The current meta-analysis evaluated the efficacy and safety of ENOX and UFH in STEMI patients undergoing PCI [15]. In both ENOX-treated and UFH-treated groups, we found that the risk of MI was significantly higher than the risk of death, and the mortality of the ENOX-treated group was statistically significantly lower than the UFH-treated group (0.05>P>0.01). Furthermore, the rates of MI for the ENOX-treated group were statistically significantly lower than those of the UFH-treated group (P<0.01). This meta-analysis showed that ENOX treatment in STEMI patients undergoing PCI further benefited, given their reduced rate of reinfarction. Major bleeding complications were low in both groups, and there were no statistically significant differences between the two treatments. Our meta-analysis showed that the higher the risk of STEMI in patients undergoing PCI, the greater the benefits of ENOX treatment compared with UFH treatment.

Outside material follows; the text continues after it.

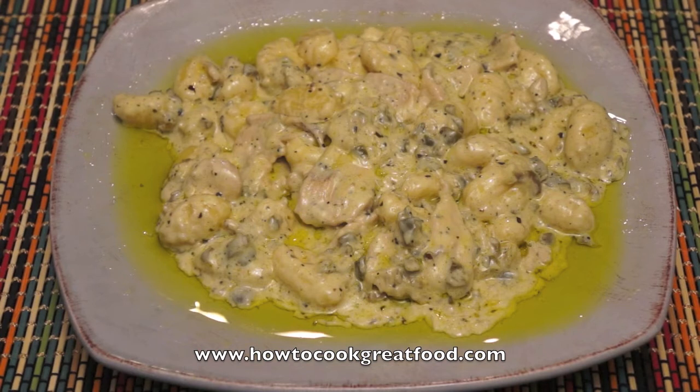There you have it — super fast and absolutely delicious. Don't forget: to make this fast, the chicken and onions have to be cut really thin, otherwise the chicken won't cook through in time. I don't think this is the healthiest dish in the world, but I do love it so much. We'll see you again next time — take care.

ENOX had been extensively studied and validated for its beneficial effects in STEMI patients [16]. The primary endpoint of death was 3.8% of patients in the ENOX-treated group compared with 5.2% of patients in the UFH-treated group, while the primary endpoint of MI was 7.3% of patients in the ENOX-treated group compared with 9.3% of patients in the UFH-treated group. There were no significant increases in the incidence of major bleeding in the ENOX group compared with the UFH group: the prevalence of major bleeding in the ENOX and UFH groups was 2.5% and 3.1% of patients, respectively. STEMI patients undergoing PCI, ENOX showed a statistically significant difference in reduction of death compared with UFH, and a statistically significant difference in reduction of MI compared with UFH.

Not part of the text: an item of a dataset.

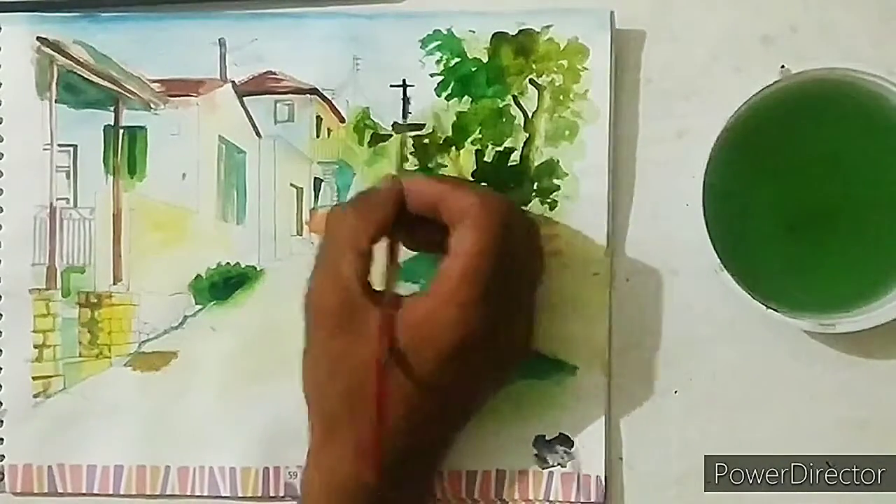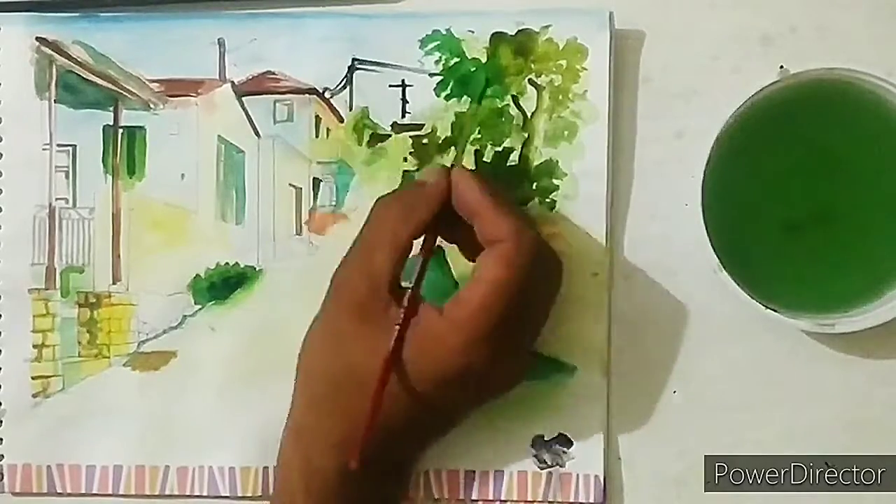Fill the dark brown color on the electricity poles and wires.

This meta-analysis included only three RCTs for the incidence of major bleeding complications. Although the mean ratio of major bleeding for ENOX was decreased compared with UFH, there were smaller sample sizes and lower incidences. Therefore, the difference between the two groups was not statistically significant. However, for a single study, the major bleeding risk was still reduced in the ENOX group [16]. Some previous meta-analyses did show that enoxaparin appears to be superior to unfractionated heparin for reducing mortality and bleeding results in patients with ACS or ST-segment elevation myocardial infarction. But there was still a lack of meta analyses of randomized controlled trials of patients with STEMI undergoing primary PCI [17,18,19]. Our meta-analysis showed that STEMI patients undergoing PCI benefited significantly from the incidence of death and MI between ENOX and UFH and did not benefit in the rate of major bleeding.

Limitations

There are some limitations that should be considered when interpreting the results of this meta-analysis. Firstly, only four RCTs were included in this analysis, which minimizes the generalizability of the results. We only obtained statistical data from the study, which could have led to inherent bias, design bias, treatment bias, and publication bias. Second, instead of using statistical data at the individual patient level, we applied the rate of events published in the conclusion of each study. Therefore, selection bias cannot be eliminated in the studies, and some clinical discoveries were under the control of between-research heterogeneity. Finally, we did not compare specific methods for intravenous or subcutaneous administration of ENOX. Nonetheless, our data satisfies the crucial demand for a comprehensive comparison between the two guided methods, which might improve informed decision-making for patients and physicians to select the ideal treatment for STEMI patients undergoing PCI.

Conclusion

We found that the rate of death and MI in ENOX treatment was significantly lower than that associated with UFH treatment in STEMI patients undergoing PCI. Moreover, in patients with STEMI undergoing PCI, the reduction of MI during ENOX treatment was more significant than the reduction in death. To the best of our knowledge, this is the first meta-analysis to include RCTs evaluating the efficacy and safety of ENOX versus UFH in STEMI patients receiving PCI [15]. The findings from this study will help guide the planning of clinical treatment options, thereby improving patient quality of life and reducing medical costs. The limited data from these randomized studies showed no significant difference in the incidence of major bleeding.